Created attachment 10854 [details] 0001-Test-patch-to-show-that-some-Chinese-characters-cann.patch Some Chinese characters cannot be sorted by adding collation rules to LC_COLLATE. For example: 𫡅 U+2B845 cannot be sorted but 𠮞 U+20B9E can be sorted. The attached patch demonstrates this problem.
diff --git a/localedata/en_GB.UTF-8.in b/localedata/en_GB.UTF-8.in new file mode 100644 index 0000000000..b365767bac --- /dev/null +++ b/localedata/en_GB.UTF-8.in @@ -0,0 +1,10 @@ +a +A +ĉ +Ĉ +𠮞 ; <U00020B9E> +𫡅 ; <U0002B845> So the test file expects U+2B845 to be sorted at this position. +b +B +c +C diff --git a/localedata/locales/en_GB b/localedata/locales/en_GB index 5b895574ac..e114a3a440 100644 --- a/localedata/locales/en_GB +++ b/localedata/locales/en_GB @@ -60,6 +60,19 @@ END LC_CTYPE LC_COLLATE % Copy the template from ISO/IEC 14651 copy "iso14651_t1" + +collating-symbol <ccirc> + +reorder-after <AFTER-A> +<ccirc> + +<U0108> <ccirc>;<BASE>;<CAP>;<U0108> +<U0109> <ccirc>;<BASE>;<MIN>;<U0109> +<U00020B9E> <ccirc>;<BASE>;<CAP>;<U00020B9E> +<U0002B845> <ccirc>;<BASE>;<CAP>;<U0002B845> Here we have a rule to sort U+2B845 like the collation symbol <ccirc> which is reordered after the Latin letter a. + +reorder-end + END LC_COLLATE LC_MONETARY But when running "make check" one gets: $ grep ^FAIL tests.sum FAIL: localedata/sort-test And the test output contains: en_GB.UTF-8 collate-test FAIL --- en_GB.UTF-8.in 2018-02-26 10:53:50.810558237 +0100 +++ /local/mfabian/src/glibc-build/localedata/en_GB.UTF-8.out 2018-02-26 13:36:16.922398151 +0100 @@ -1,9 +1,9 @@ +𫡅 ; <U0002B845> a A ĉ Ĉ 𠮞 ; <U00020B9E> -𫡅 ; <U0002B845> b B c So U+20B9E is sorted as expected but U+2B845 is not. U+2B845 is sorted as if there were not rules at all for this character. Therefore, it ends up before a.

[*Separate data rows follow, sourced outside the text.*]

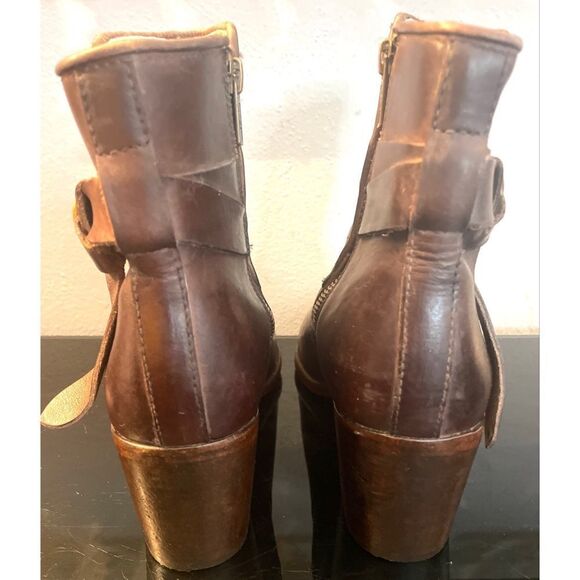 Vintage USA FRYE Women's Brown Leather Biker Boots Size 10B Preowned - Picture 7 of 13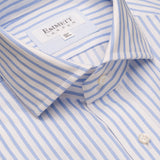 White & Blue Stripe Linen Shirt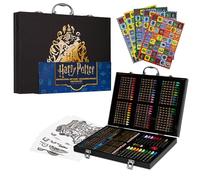 Harry Potter Valigetta Colori per Bambini, Kit Disegno e Pittura con Colori Pennarelli Matite Colorate Pastelli - Regali Bambini (Nero)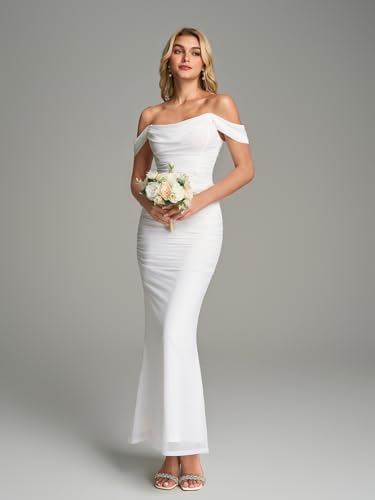 KUTUMAI Schulterfreies Maxikleid mit Rüschen, figurbetont, formell, für Hochzeitsgäste – Bild 4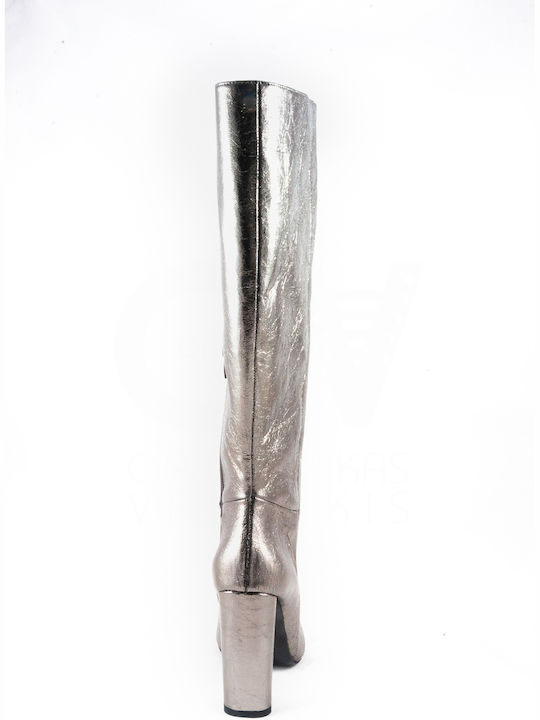 Leather High Heel Women's Boots with Zipper Silver
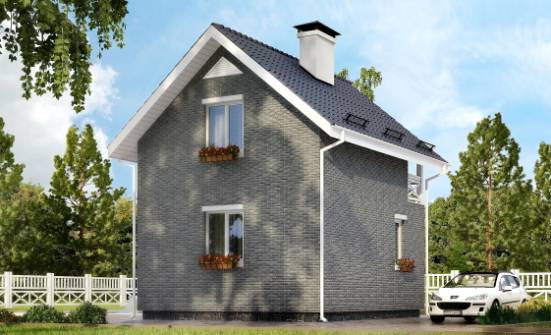 045-001-П Проект двухэтажного дома мансардой, простой домик из керамзитобетонных блоков Северобайкальск | Проекты домов от House Expert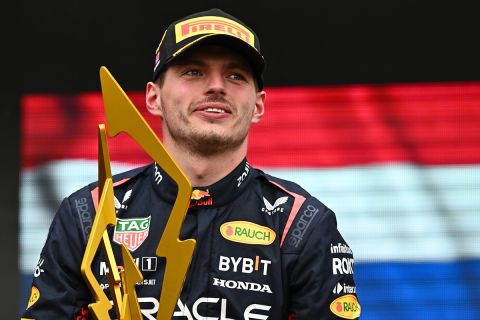 MONTREAL, QUEBEC - JUNE 18: Race winner Max Verstappen of the Netherlands and Oracle Red Bull Racing celebrates on the podium during the F1 Grand Prix of Canada at Circuit Gilles Villeneuve on June 18, 2023 in Montreal, Quebec. (Photo by Minas Panagiotakis/Getty Images)
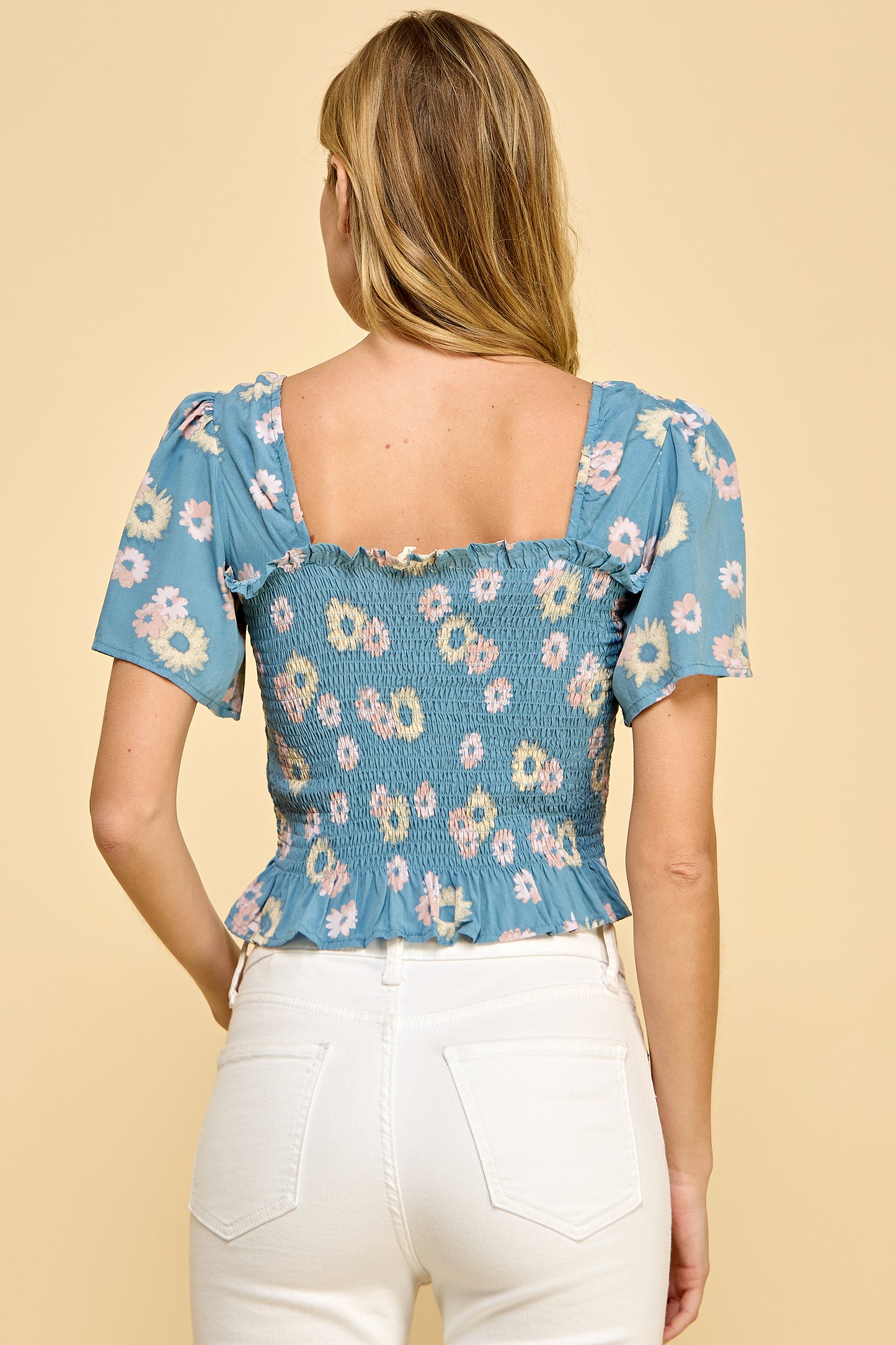 April Flowers Smocked Top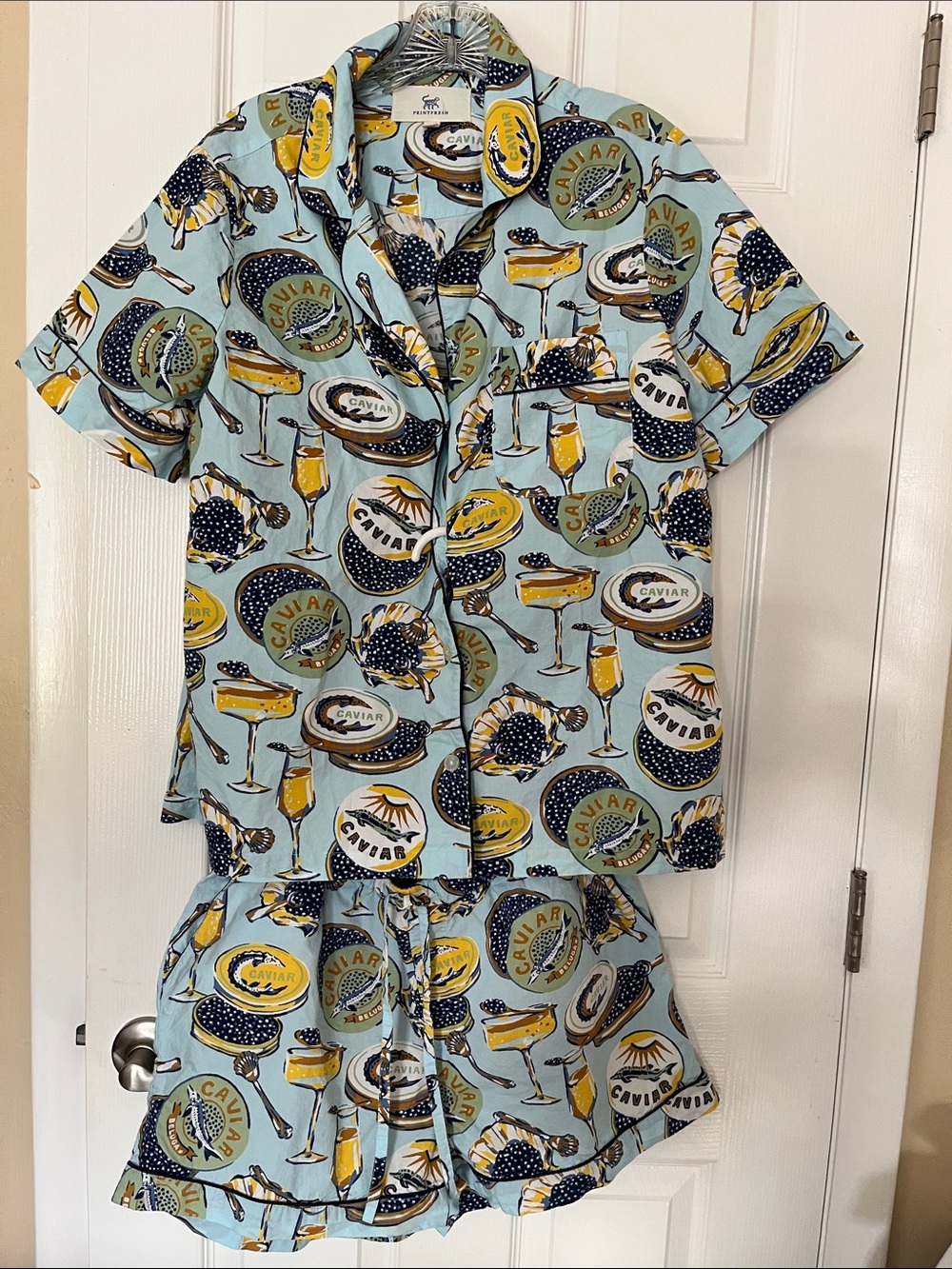 Printfresh organic cotton short sleeve pajama set champagne caviar pale blue Med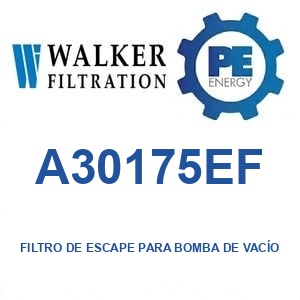 Walker Filtration A30175EF - Walker A30175EF Filtro de escape para bomba de vacío serie Alpha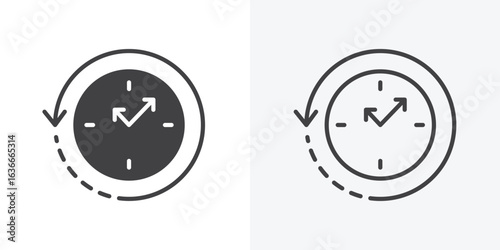 Rewind time icon. Line Art And Clip art Style Design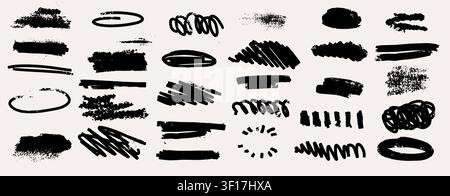 Black chalk or pencil in different form. Hand-drawn kid frames and lines in scribble style. Set ink doodle boxes curved lines and messy doodles.  Stock Vector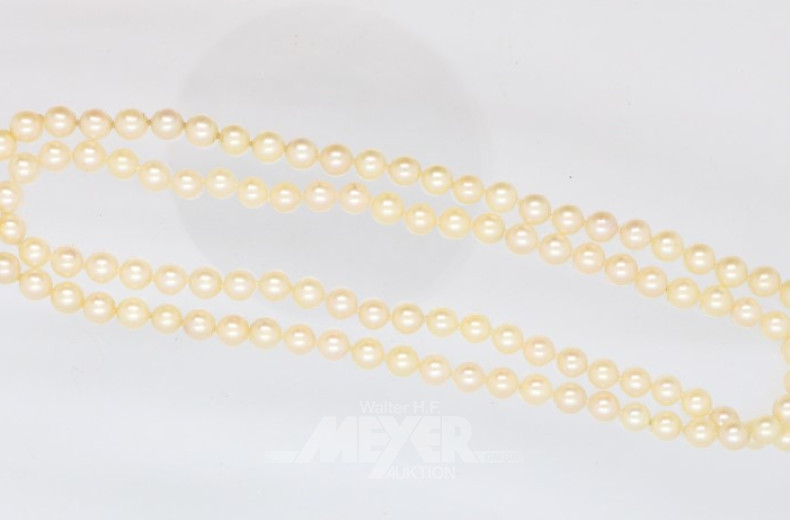 lange Perlenkette mit 585er GG-Kugel-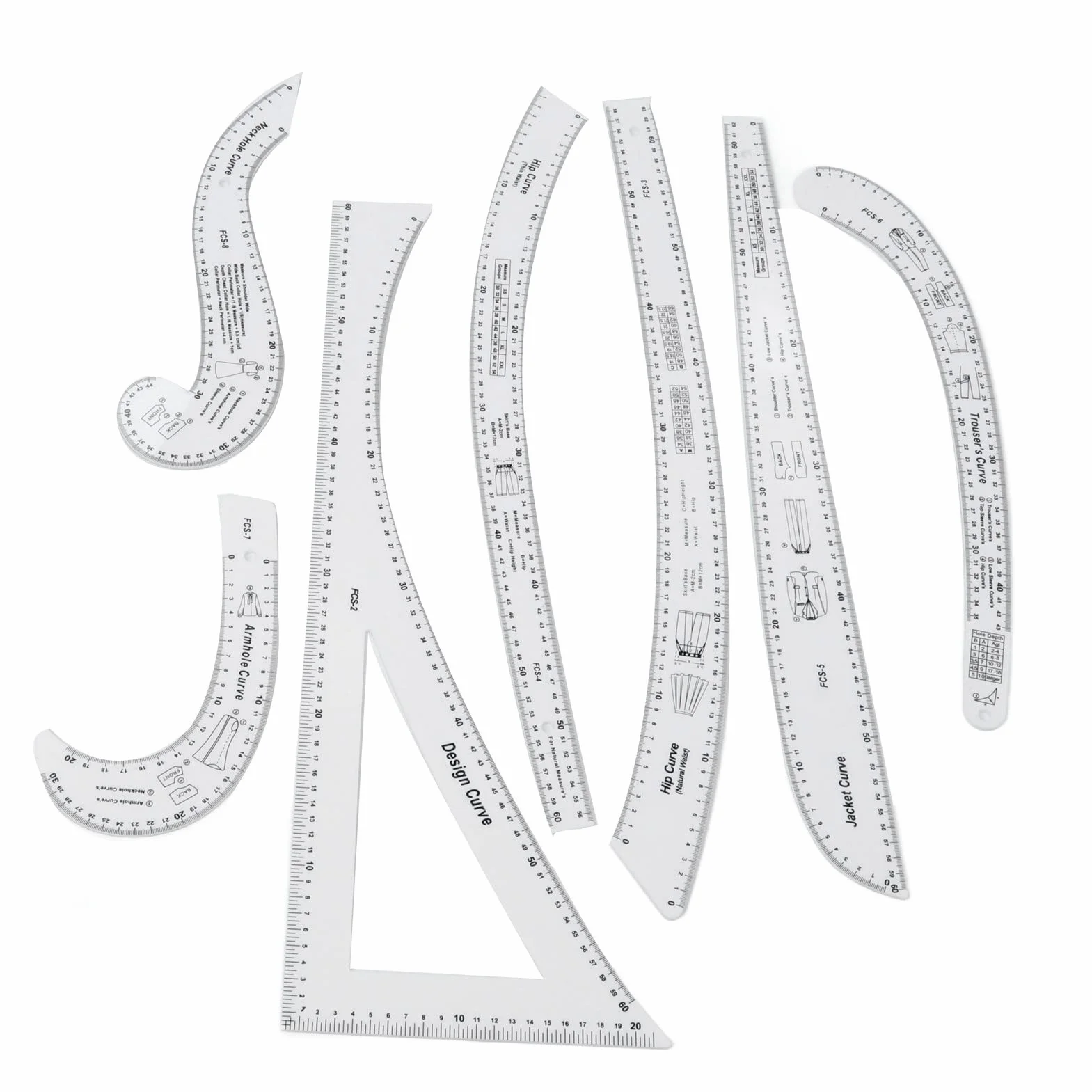 7pcs Set di righelli di Cucitura Trasparente, Righello della Curva Cucito Acrilico per la Realizzazione di Motivi, Produttore di Motivi, Modelli di Cucito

(In reply to Mike FABIAN from comment #0) > Created attachment 10854 [details] > 0001-Test-patch-to-show-that-some-Chinese-characters-cann.patch > > Some Chinese characters cannot be sorted by adding collation rules to > LC_COLLATE. > > For example: > > 𫡅 U+2B845 > > cannot be sorted but > > 𠮞 U+20B9E > > can be sorted. > > The attached patch demonstrates this problem. In the C.UTF-8 work I've found at least 3 more instances like this. Something is wrong with the parser or with the input expected by the parser. I will have to debug this along with the other failures in CJK symbols I've seen when I expand C.UTF-8 to the full code point set.